Así pues, he aquí que tenemos dos argumentos en principio inapelables: El primero, el juez no puede moderar aquello que ha dejado sentado el Corán. El segundo, nadie puede discutir la legitimidad de la pena de muerte cuando ha sido el mismo Dios el que la ha establecido. Se puede descender en algunos casos a regular como se ejecuta esa pena, pero siempre partiendo de la base de lo inalterable del dogma. Vemos así dos argumentos que son inapelables, pero lo son desde una base metodológica inválida: el uso de la Revelación como premisa básica de una conclusión científica. De esta forma, amparándose en la Revelación y en el Antiguo Testamento las mayores barbaridades se consagraron como algo irrebatible. Y lo anterior no sólo afectó al derecho del Estado a castigar. El Deuteronomio sirvió como justificación del derecho a aniquilar a los ciudadanos de las ciudades sitiadas y arrasarlas; los excesos brutales sobre la población civil se justificaban también en algunos casos como adelantamiento de las penas del infierno para los herejes.

Junto a las excelencias dogmáticas de los grandes teólogos, coexistió así una teología de la crueldad, una búsqueda teórica de las justificación de la atrocidad amparada en un supuesto mandato divino. Que esa metodología ya no sirva en la ciencia moderna del derecho ha dependido de procesos históricos como la Reforma y posteriormente con la Ilustración. La separación de la Moral y el Derecho es un rasgo esencial de la ciencia jurídica europea moderna. La palabra revelada no sirve como fuente para la ciencia jurídica. Los ejemplos de la ciencia penal franquista no son sino excepciones lamentables, propias de un modo de pensar el Derecho que ya no existía en Europa. Esa separación es algo consustancial a la ciencia jurídica europea. Ese paso, por las razones que fueran, no se ha dado en otras sociedades.

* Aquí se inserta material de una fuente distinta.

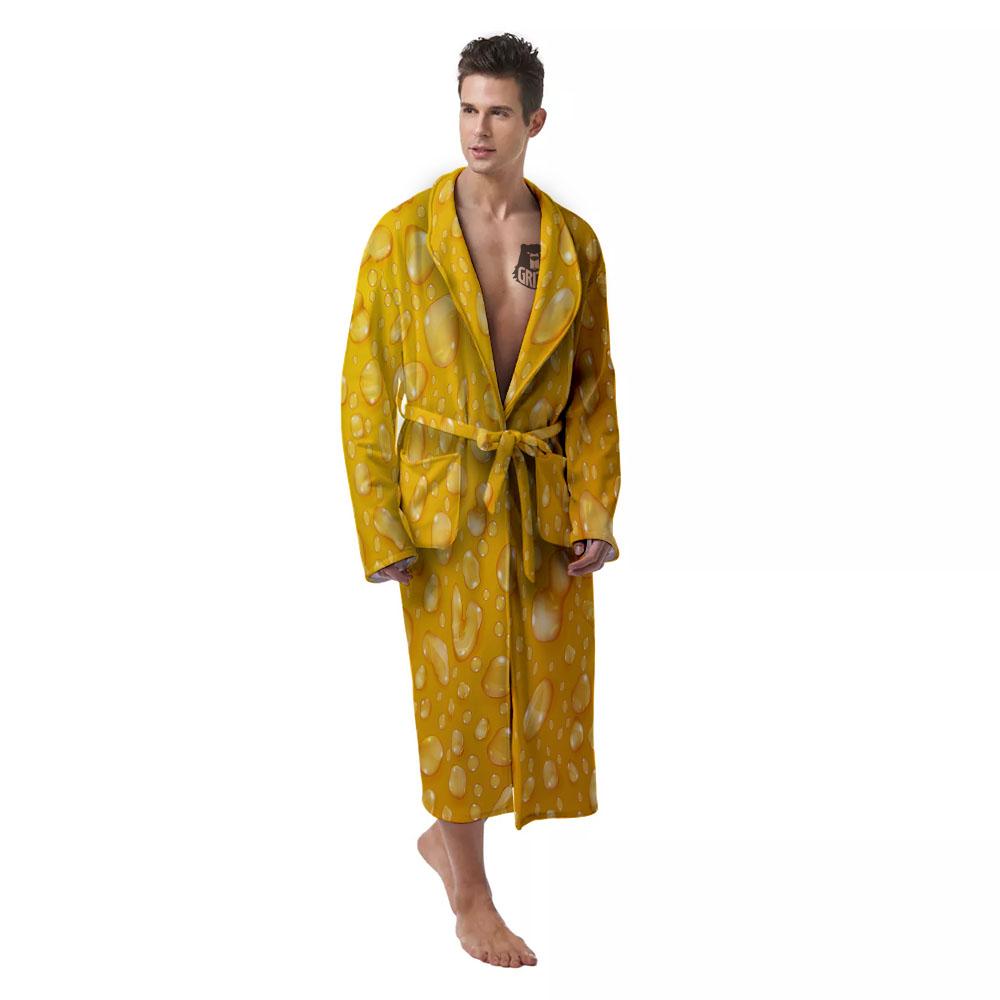 Drops Water On Beer Glass Print Men's Robe-grizzshop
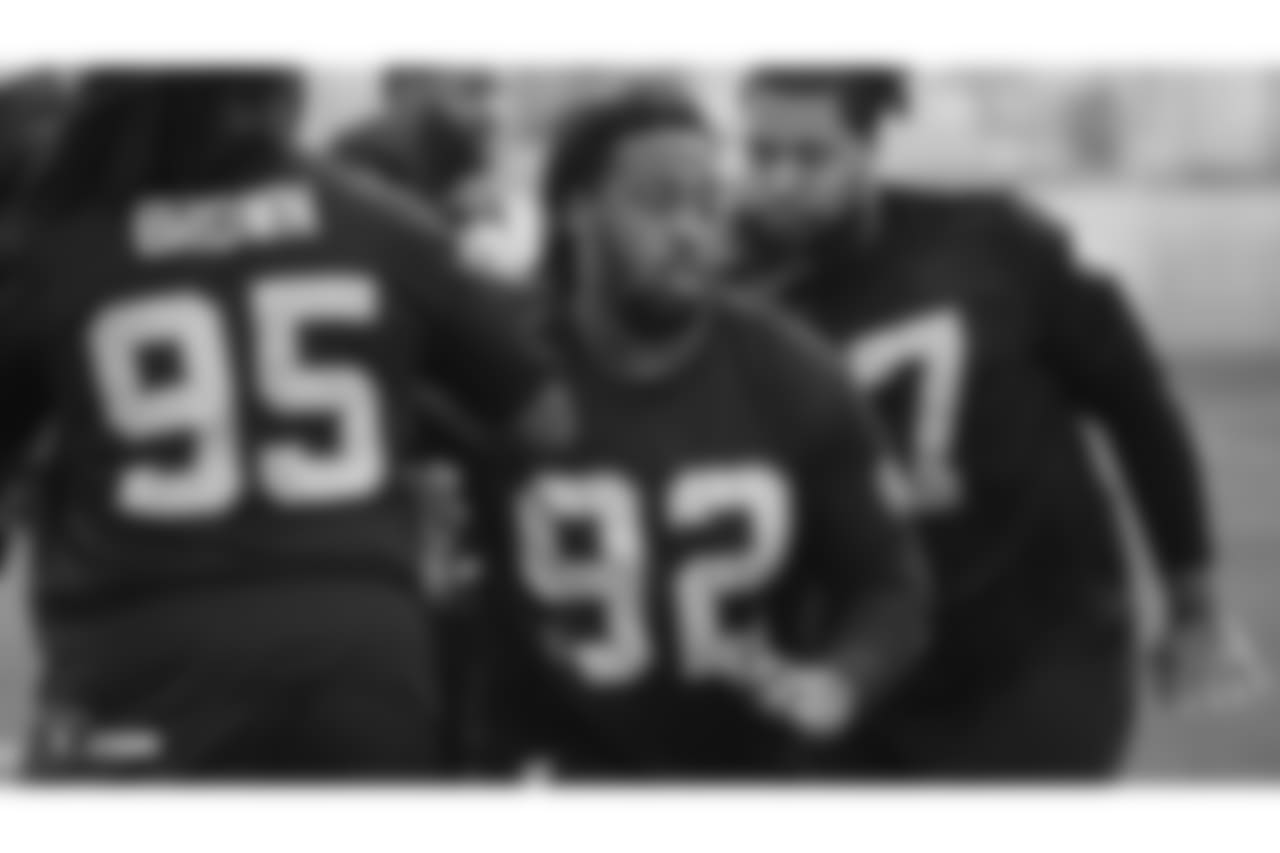 Oakland Raiders defensive tackle PJ Hall (92) on the field for a walk through at Bladium Sports & Fitness, Friday, November 16, 2018, in Alameda, California.
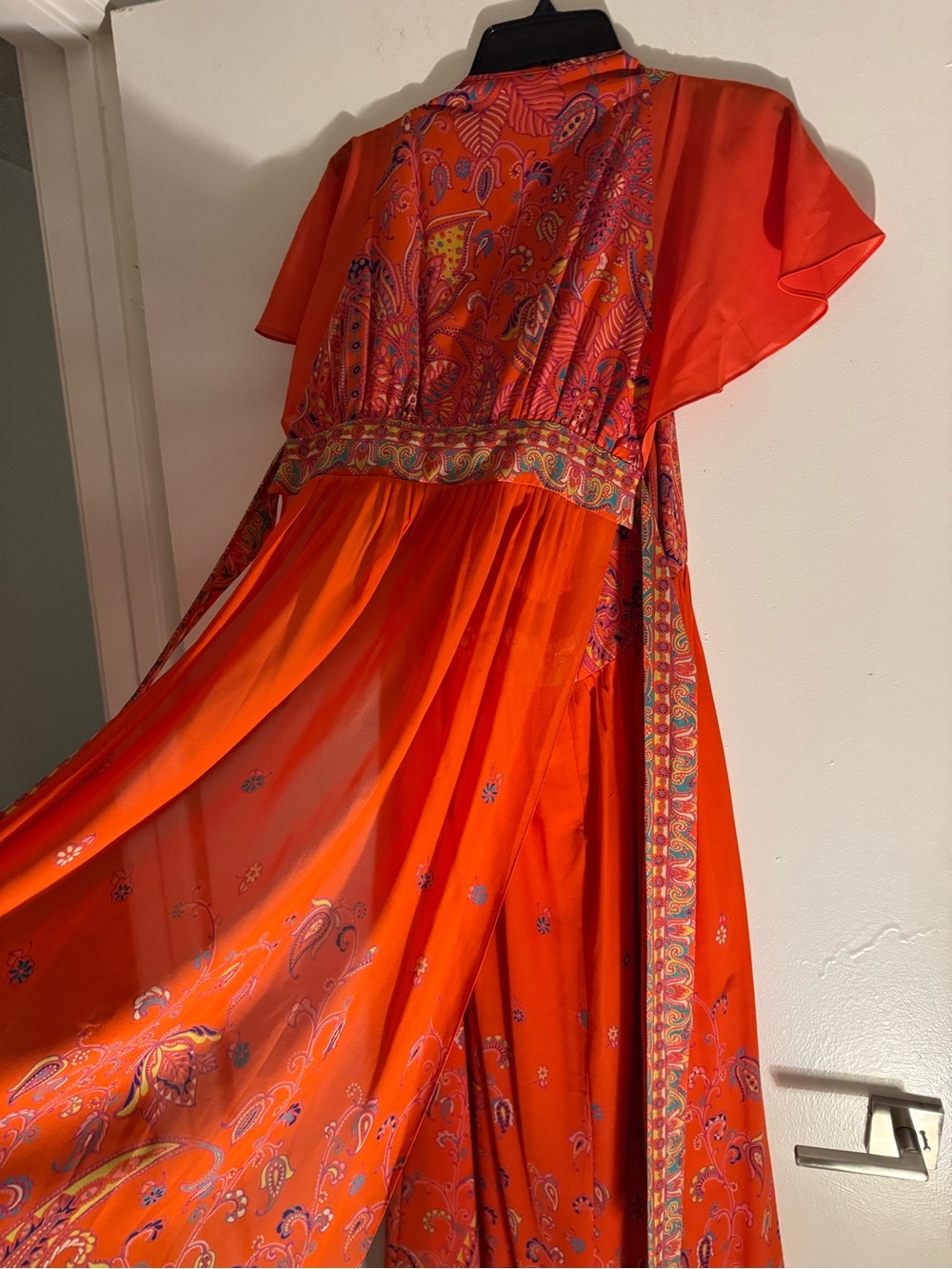 Maeve Anthropologie Blushed Paisley Cape Maxi Dress Size 8 Orange Bohemian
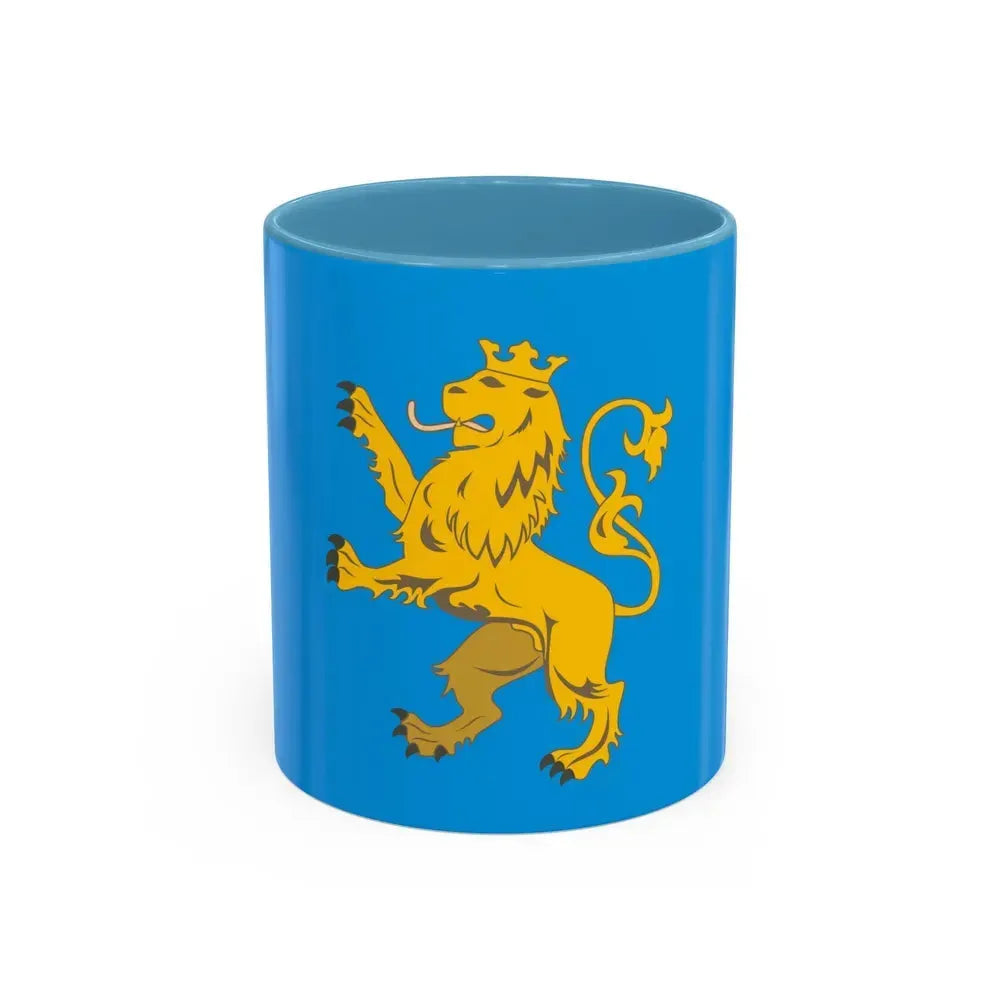 Flag of Lviv Oblast Ukraine - Accent Coffee Mug 11oz Light Blue - Go Mug Yourself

Los esfuerzos y la delicadeza de los argumentos de los juristas clásicos de Al Andalus, no podían descender al cuestionamiento de la pena (la amputación). Se especulaba sobre qué fuera exactamente “robo”, sobre quiénes estaban exentos de pena, sobre desde qué edad se era culpable, se delimitaba meticulosamente la figura delictiva, pero la pena era indiscutible e inmodificable. Así, cuando la palabra revelada dice “A quienes sean infieles se les confeccionarán vestidos de fuego, desde su cabeza se les verterá agua hirviendo, con lo que se licuará lo que hay en su vientre y en su piel. Tendrán azotes de hierro. Se les dirá…Gustad del tormento del fuego” (literal del Corán), nos aterra intuir que se puedan interpretar esos versículos como una orden inflexible, como algo que pueda configurarse como derecho inmutable, como algo que puede ser aplicado por verdugos y justificado y desarrollado teóricamente por teólogos de la atrocidad.  *Gregorio Mª Callejo Hernanz es magistrado en Majadahonda y escritor.